In the Amazon you don’t need to burn wood for a forest to contribute to energy production.
Once Upon a Time…
People thought the worth of a forest was determined by the value of its timber. We now know that leads to a gross undervaluation. Forests, like most ecosystems, provide a host of services whose value can far exceed the simple worth of the trees. Services like clean water and air, soil retention, stormwater control, habitat, and even increasing groundwater supply. Cut down a forest and you need to replace all the things the forest provides, and that can be quite expensive.
New York’s Water Story
A case in point – the riparian forests in upstate New York provide clean drinking water to the residents of the Big Apple. In the early 1990s the U.S. EPA mandated that the city build a filtration plant at a cost of ~$7 billion. But New York came up with a better plan at a savings of about $6 billion: rehabilitate the riparian forests in the Catskills where the water comes from and allow the trees, at a greatly reduced cost, to provide the needed filtration. The system works so well that New York City is one of the few major metropolitan areas in the U.S. that gets away with minimal filtering for its drinking water.
Is There an Energy Story?
Ok, forests providing clean water – that’s easy to understand. But what about energy? One way to generate energy from a forest is to cut it down and burn the wood – but that destroys most of the other services as well.
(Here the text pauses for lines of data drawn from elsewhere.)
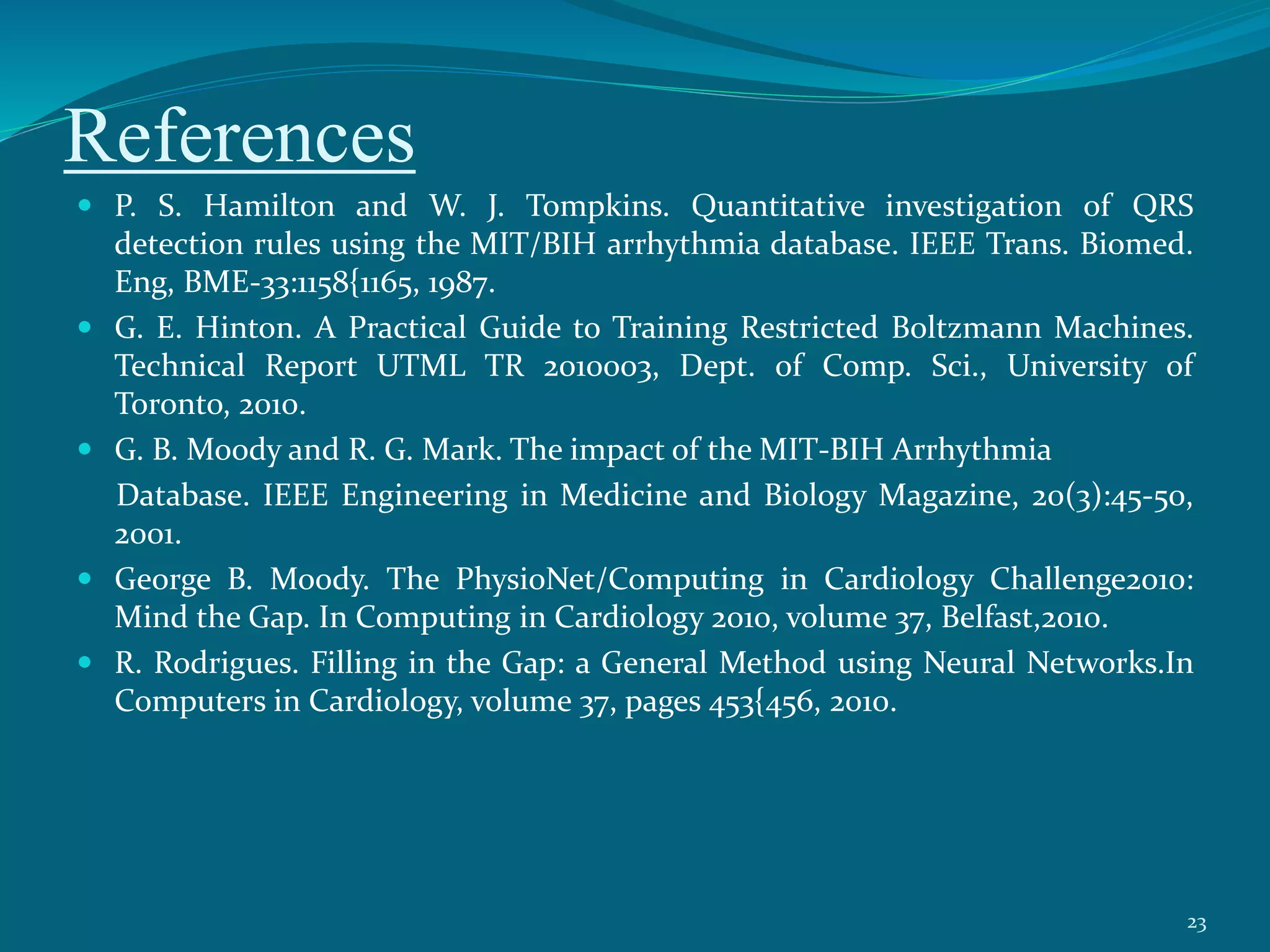 References
 P. S. Hamilton and W. J. Tompkins. Quantitative investigation of QRS
detection rules using the MIT/BIH arrhythmia database. IEEE Trans. Biomed.
Eng, BME-33:1158{1165, 1987.
 G. E. Hinton. A Practical Guide to Training Restricted Boltzmann Machines.
Technical Report UTML TR 2010003, Dept. of Comp. Sci., University of
Toronto, 2010.
 G. B. Moody and R. G. Mark. The impact of the MIT-BIH Arrhythmia
Database. IEEE Engineering in Medicine and Biology Magazine, 20(3):45-50,
2001.
 George B. Moody. The PhysioNet/Computing in Cardiology Challenge2010:
Mind the Gap. In Computing in Cardiology 2010, volume 37, Belfast,2010.
 R. Rodrigues. Filling in the Gap: a General Method using Neural Networks.In
Computers in Cardiology, volume 37, pages 453{456, 2010.
23
 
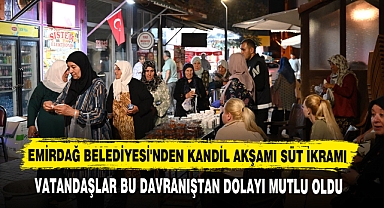 EMİRDAĞ BELEDİYESİ'NDEN KANDİL AKŞAMI SÜT İKRAMI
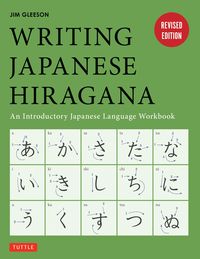 Bild vom Artikel Writing Japanese Hiragana: An Introductory Japanese Language Workbook: Learn and Practice the Japanese Alphabet vom Autor Jim Gleeson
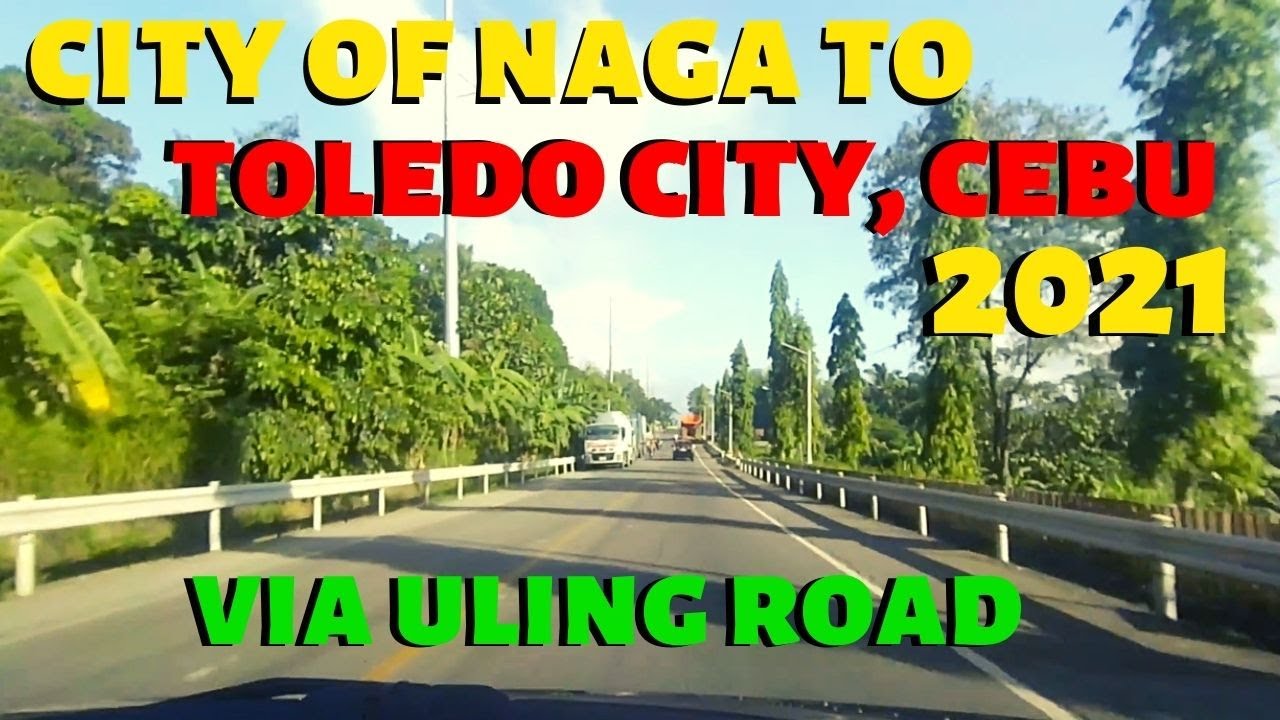 On The Road Cebu | City of Naga to Toledo City via Uling Road | Cebu Roadtrip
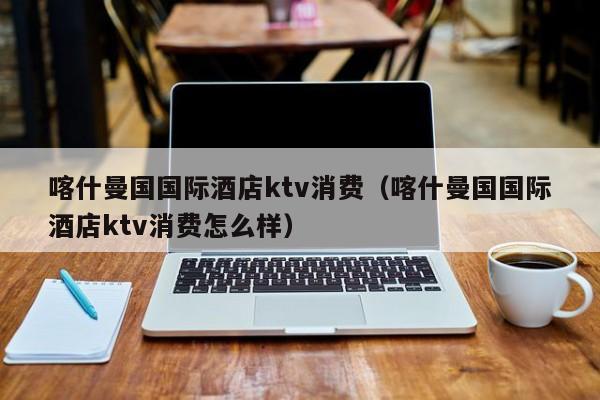 喀什曼国国际酒店ktv消费（喀什曼国国际酒店ktv消费怎么样）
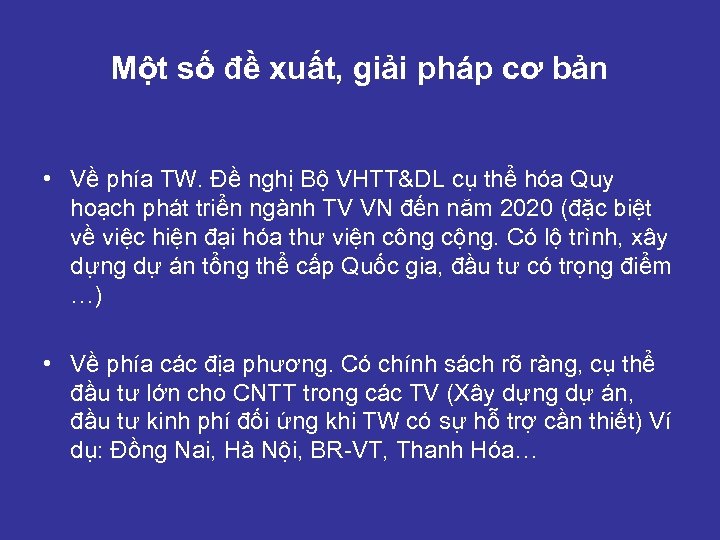 Một số đề xuất, giải pháp cơ bản • Về phía TW. Đề nghị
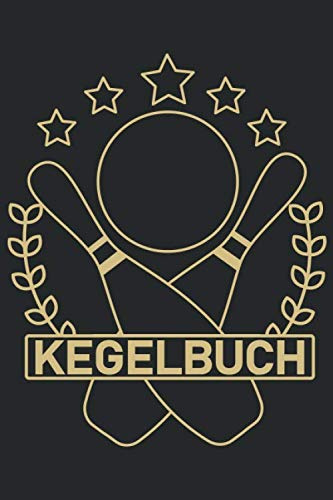 Kegelbuch: Einfaches Dokumentieren Ihres Kegelabendes - Einfaches Abrechnen dank tabellarischer Aufzeichnungsvorlagen Gold Schwarz Edel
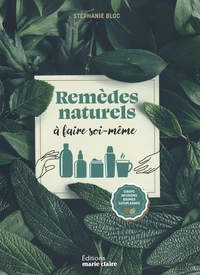 Remèdes naturels à faire soi-même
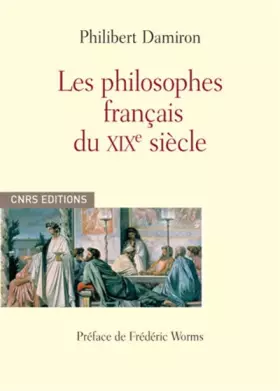 Couverture du produit · Les Philosophes français du XIXè siècle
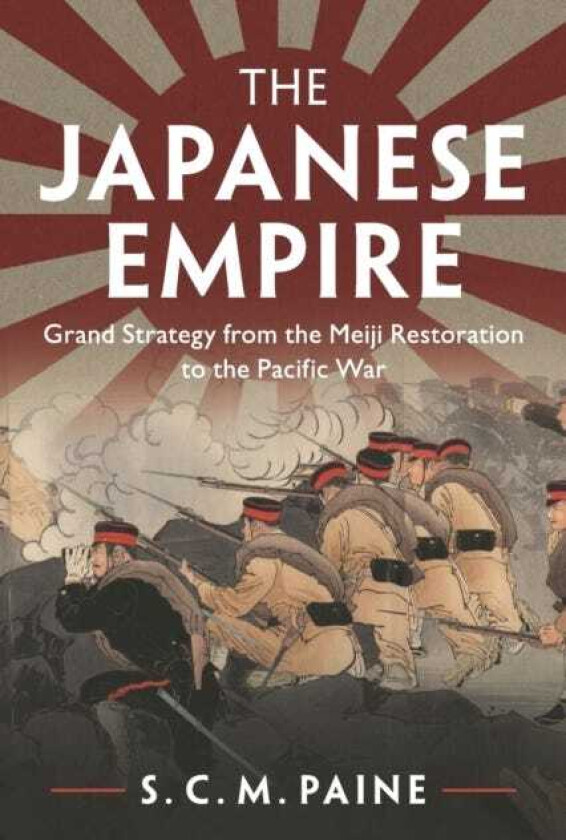 The Japanese Empire Grand Strategy from the Meiji Restoration to the Pacific War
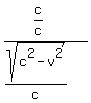 +%28c%2Fc%29%2F%28sqrt%28c%5E2+-+v%5E2%29%2Fc%29+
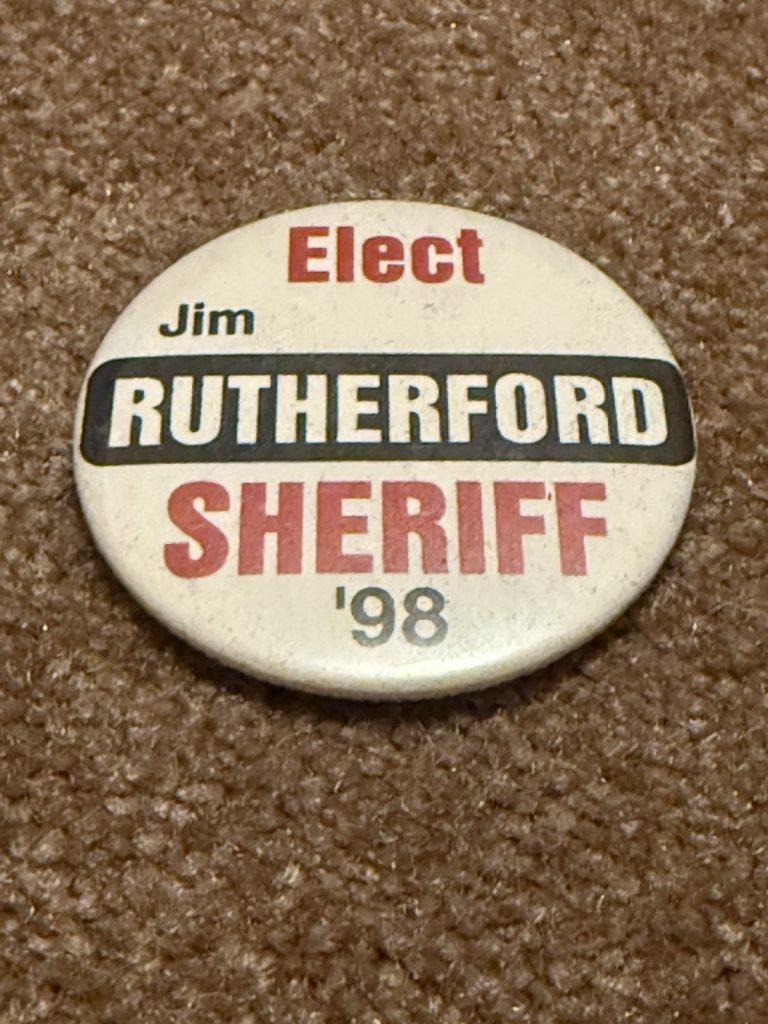 Vintage Elect Jim Rutherford Sheriff 1998 Campaign Button Pin
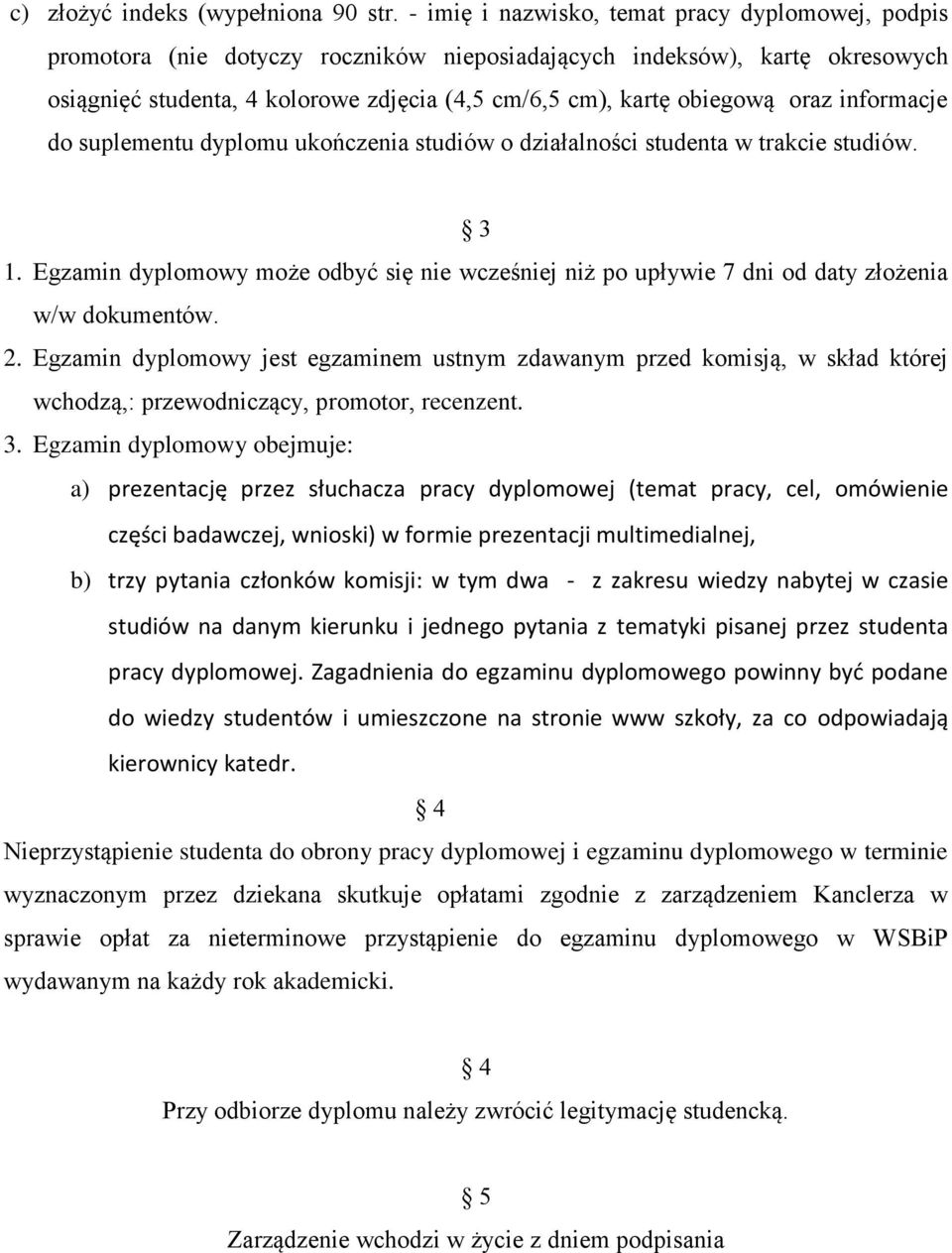 oraz informacje do suplementu dyplomu ukończenia studiów o działalności studenta w trakcie studiów. 3 1.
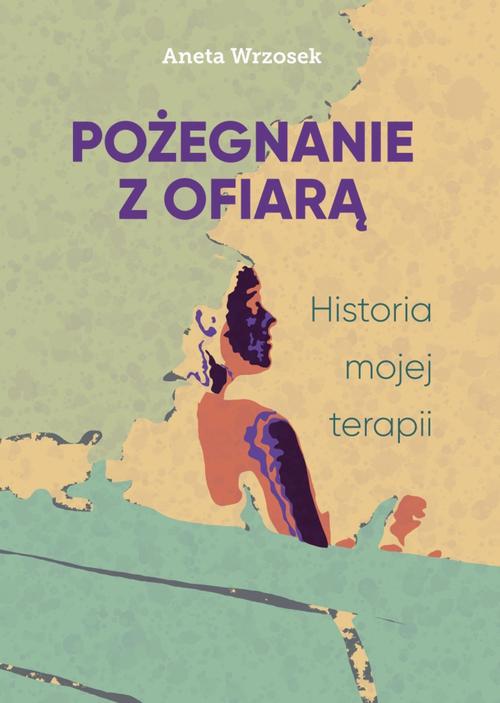 Pożegnanie z ofiarą. Historia mojej terapii — okładka e-booka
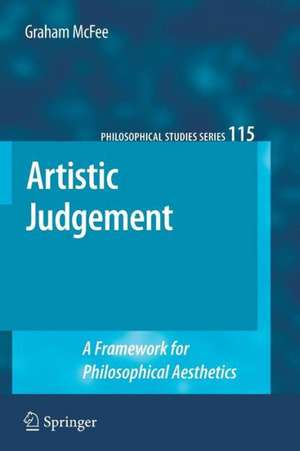 Artistic Judgement: A Framework for Philosophical Aesthetics de Graham McFee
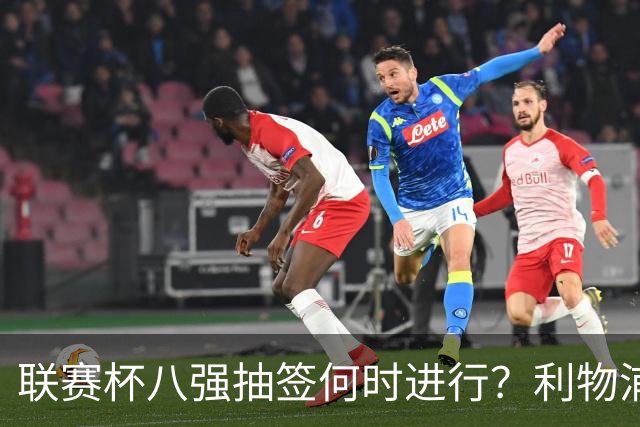 联赛杯八强抽签何时进行？利物浦切尔西赛后揭晓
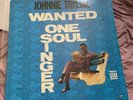 Johnnie Taylor Wanted One Soul Singer - Mono Vinyl 1967 US Press Stax Blue Label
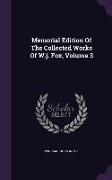 Memorial Edition of the Collected Works of W.J. Fox, Volume 3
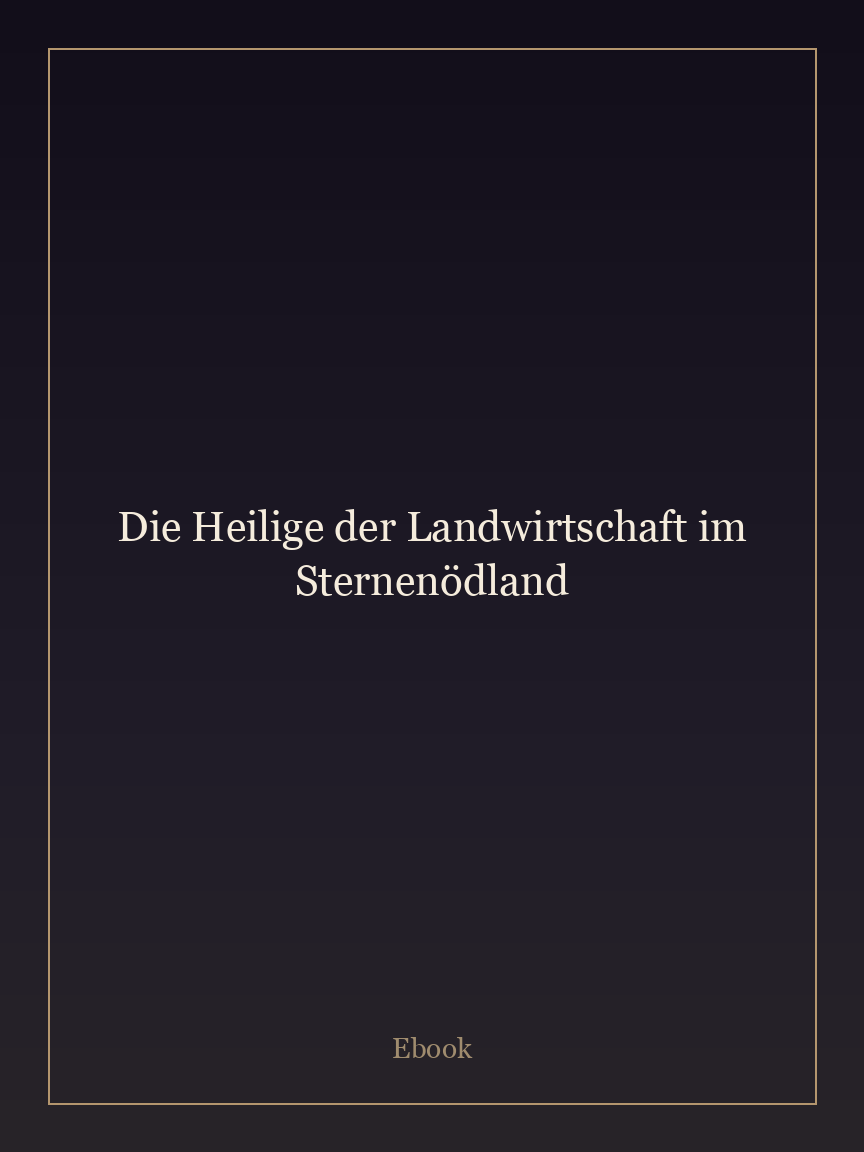 Die Heilige der Landwirtschaft im Sternenödland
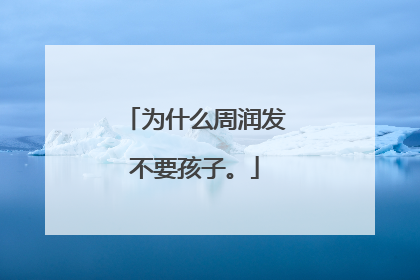 为什么周润发不要孩子。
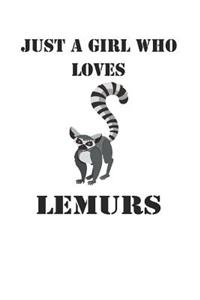 Just A Girl Who Loves Lemurs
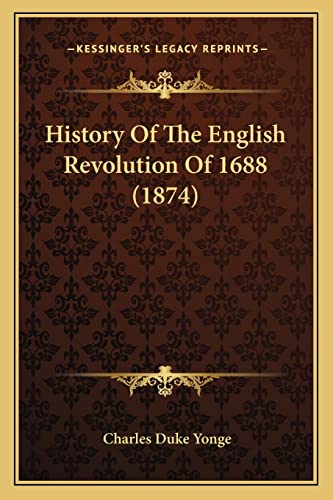History Of The English Revolution Of 1688 (1874) (9781164673071) by Yonge, Charles Duke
Is there a way to use forests to enhance energy production without burning them? Yes, say Claudia Stickler of the Amazon Environmental Research Institute and co-authors in a paper published May 13 in the Proceedings of the National Academy of Sciences. Interestingly like the New York story this one involves water as well.
Hydropower Reigns Supreme in Brazil
You’ve heard of king coal? Well, in Brazil, hydropower is king. According to the U.S. Energy Information Administration, a whopping 79 percent of Brazil’s electricity came from hydropower in 2010. (In the U.S. that drops to about 7 percent.)
But Brazil wants even more hydropower, which brings us to the next chapter in our story.
Way Down Upon the Xingu River
You can find the Xingu River on a map in the northeastern corner of Brazil. It runs south to north for about 1,200 miles and drains into the Amazon River. (See related pictures: “A River People Awaits an Amazon Dam.”)
Brazil has big plans for the Xingu River — more specifically, on the Xingu about 100 miles south of where it meets up with the Amazon. That is the construction site of the Belo Monte Dam, slated to be the third largest hydropower facility in the world behind China’s Three Gorges Dam and the Itaipu Dam operated jointly by Brazil and Paraguay. When completed, the Belo Monte Dam will have the capacity to produce up to 11 million kilowatts.
Environmentalists Cheer… and Hiss
If you’re a fan of the environment, all that hydropower can seem like a good thing – energy without burning fossil fuels and so no air pollution, no greenhouse gas emissions. Right? Not quite.